Le redressement de l’Europe passera par le retour au réalisme monétaire

Peut-on s’en sortir rapidement? Le problème tient pricnipalement à ce que, dans la classe politique,  ni les partisans ni les adversaires de l’euro, ne comprennent bien de quoi ils parlent. De ce point de vue, le débat présidentiel entre Madame Le Pen et Monsieur Macron fut caricatural. Tandis que le futuir président français assenait des certitudes non démontrées sur les vertus de l’euro et se trompait en prétendant que le chômage était plus fort avant l’euro, son adversaire n’a pas été capable d’expliquer son idée de monnaie commune: les entreprises font tous les jours des transactions dans d’autres monnaies que celles du pays où elles sont implantées; rien donc n’empêcherait que les transactions entre entreprises et banques continuent à être effectuées en euros tandis que les transactions de la vie quotidienne seraient effectuées dans une monnaie locale; c’est très précisément un des mécanismes qui avait été proposé lors de la crise grecque de 2015: réintroduction d’une monnaie grecque permettant une dévaluation de fait tout en restant liée à l’euro comme étalon monétaire. C’est une situation qui ressemble furieusement à l’étalon-or de la grande époque, à l’échelle de la zone euro. Je ne crois pas, pour ma part, que ce soit la solution, ou en tout cas une solution durable car elle ne résout pas la question du change entre l’euro et les autres monnaies au niveau mondial. Cela pourrait être une solution intermédiaire, le temps de négocier la mise en place d’un étalon monétaire international. 

Adversaires comme partisans de l’euro se trompent: le débat n’est pas entre une monnaie nationale et une monnaie européenne. Ou plutôt, ils l’ont mené dans ces termes et se sont complètement fourvoyés. La monnaie tend à être un bien universel. On n’a rien inventé de mieux depuis Aristote qui a défini les trois fonctions de la monnaie: instrument de l’échange, étalon de la valeur, conservatoire de cette même valeur. Potentiellement ou réellement, les échanges sont universels et les instruments de mesure doivent l’être. Ce qu’on appelle la monnaie, au sens strict, doit être universel trandis que chaque pays peut développer ses propres instruments de paiement et de crédit. C’est la raison pour laquelle Charles de Gaulle, défenseur intransigeant de la souveraineté nationale, était partisan de l’étalon-or. Il voulait revenir à une monnaie étalon universel et instrument neutre de l’échange, qui ne puisse être manipulé par telle ou telle puissance, à commencer les Etats-Unis. De Gaulle ne voyait pas un point: l’étalon-or, malgré tous ses mérites, est déflationniste. Les grandes crises du capitalisme, depuis 1825, ont été des crises de liquidité suite à l’introduction de l’étalon-or en lieu et place de la multiplicité des référents métalliques qui avait carctérisé le monde jusque-là. Ce que De Gaulle sentait intuitivement, c’était le rsque de dérapage si le dollar devenait l’instrument arbitraire des échanges internationaux. Le Général serait horrifié par l’actuelle surabondance de liquidités et les multiples dysfonctionnments qu’elle engendre, à commencer par la montée des inégalités (pour maintenir la valeur d’une monnaie inflationniste, le seul moyen est de la concentrer entre quelques mains)

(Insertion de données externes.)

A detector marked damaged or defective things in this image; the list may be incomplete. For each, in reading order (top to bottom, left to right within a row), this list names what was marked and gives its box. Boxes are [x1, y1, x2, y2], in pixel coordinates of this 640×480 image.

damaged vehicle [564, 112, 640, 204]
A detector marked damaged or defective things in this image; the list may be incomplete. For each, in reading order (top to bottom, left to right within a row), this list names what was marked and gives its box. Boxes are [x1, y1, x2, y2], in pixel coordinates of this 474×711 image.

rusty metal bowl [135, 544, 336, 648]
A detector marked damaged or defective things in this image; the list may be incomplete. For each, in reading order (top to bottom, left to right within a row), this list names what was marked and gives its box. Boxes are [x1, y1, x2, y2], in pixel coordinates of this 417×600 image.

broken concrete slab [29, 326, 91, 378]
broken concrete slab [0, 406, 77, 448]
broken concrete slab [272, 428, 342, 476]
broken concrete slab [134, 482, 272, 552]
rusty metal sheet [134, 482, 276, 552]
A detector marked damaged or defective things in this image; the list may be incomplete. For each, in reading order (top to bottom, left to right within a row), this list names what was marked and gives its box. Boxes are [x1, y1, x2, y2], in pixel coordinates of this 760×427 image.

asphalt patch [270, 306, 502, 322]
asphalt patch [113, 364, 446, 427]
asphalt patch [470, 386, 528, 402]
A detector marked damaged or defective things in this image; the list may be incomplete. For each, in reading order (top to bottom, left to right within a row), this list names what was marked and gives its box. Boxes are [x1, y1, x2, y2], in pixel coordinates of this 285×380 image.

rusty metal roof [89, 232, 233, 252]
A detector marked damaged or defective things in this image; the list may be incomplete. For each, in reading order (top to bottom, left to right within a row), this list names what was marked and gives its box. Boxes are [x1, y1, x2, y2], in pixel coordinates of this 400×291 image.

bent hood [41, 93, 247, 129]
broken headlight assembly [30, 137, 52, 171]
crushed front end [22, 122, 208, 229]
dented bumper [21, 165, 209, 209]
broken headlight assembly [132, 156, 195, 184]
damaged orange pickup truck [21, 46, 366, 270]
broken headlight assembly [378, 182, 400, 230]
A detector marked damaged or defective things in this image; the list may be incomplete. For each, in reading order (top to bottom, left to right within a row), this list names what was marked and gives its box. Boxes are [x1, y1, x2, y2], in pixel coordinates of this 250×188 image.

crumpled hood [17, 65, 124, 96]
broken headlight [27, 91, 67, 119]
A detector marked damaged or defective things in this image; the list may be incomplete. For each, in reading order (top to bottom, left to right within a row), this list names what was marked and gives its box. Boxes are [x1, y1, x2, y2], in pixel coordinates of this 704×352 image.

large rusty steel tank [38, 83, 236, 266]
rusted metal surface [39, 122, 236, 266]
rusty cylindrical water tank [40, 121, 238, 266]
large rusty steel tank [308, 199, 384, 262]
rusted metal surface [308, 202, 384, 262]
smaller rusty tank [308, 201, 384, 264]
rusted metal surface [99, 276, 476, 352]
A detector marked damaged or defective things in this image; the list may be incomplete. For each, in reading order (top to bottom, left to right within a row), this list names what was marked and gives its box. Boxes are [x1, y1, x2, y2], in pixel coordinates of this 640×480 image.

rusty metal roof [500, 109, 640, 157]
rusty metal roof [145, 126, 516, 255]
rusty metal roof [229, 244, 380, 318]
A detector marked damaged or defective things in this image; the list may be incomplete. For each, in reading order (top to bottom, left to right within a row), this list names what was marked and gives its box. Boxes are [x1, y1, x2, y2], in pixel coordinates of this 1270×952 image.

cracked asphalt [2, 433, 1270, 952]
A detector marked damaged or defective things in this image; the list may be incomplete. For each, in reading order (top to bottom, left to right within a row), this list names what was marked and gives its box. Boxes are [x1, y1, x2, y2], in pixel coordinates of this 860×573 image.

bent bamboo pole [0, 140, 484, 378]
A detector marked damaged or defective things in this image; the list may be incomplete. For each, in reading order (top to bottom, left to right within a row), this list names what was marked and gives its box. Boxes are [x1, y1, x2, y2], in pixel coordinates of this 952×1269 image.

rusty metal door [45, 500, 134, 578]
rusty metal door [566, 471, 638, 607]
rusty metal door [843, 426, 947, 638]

L’avenir monétaire du monde passe bien, comme le sentent la Russie et la Chine aujourd’hui, par le retour à des référents métalliques mais il faut le faire de manière très souple. La meilleure solution consisterait à créer une « unité de compte international » qui soit un panier des grandes monnaies du monde (dollar, yuan, yen, euro) auxquelles on adjoindrait par exemple l’or, l’argent et le platine. Cette unité de compte deviendrait la monnaie des grandes transactions internationales. Parallèlement, on reviendrait e,n douceur au pilotage national des instruments de paiement et de crédit. Au lieu de rester dans cet entre-deux-deux mortifère qu’est l’euro, on pousserait jusqu’au bout la logique de reconstitution de la monnaie comme bien universel après laquelle le monde court depuis la rupture du lien entre l’or et le dollar (1971); et l’on reviendrait à un pilotage sensé du crédit, adapté aux exigences de chaque nation. 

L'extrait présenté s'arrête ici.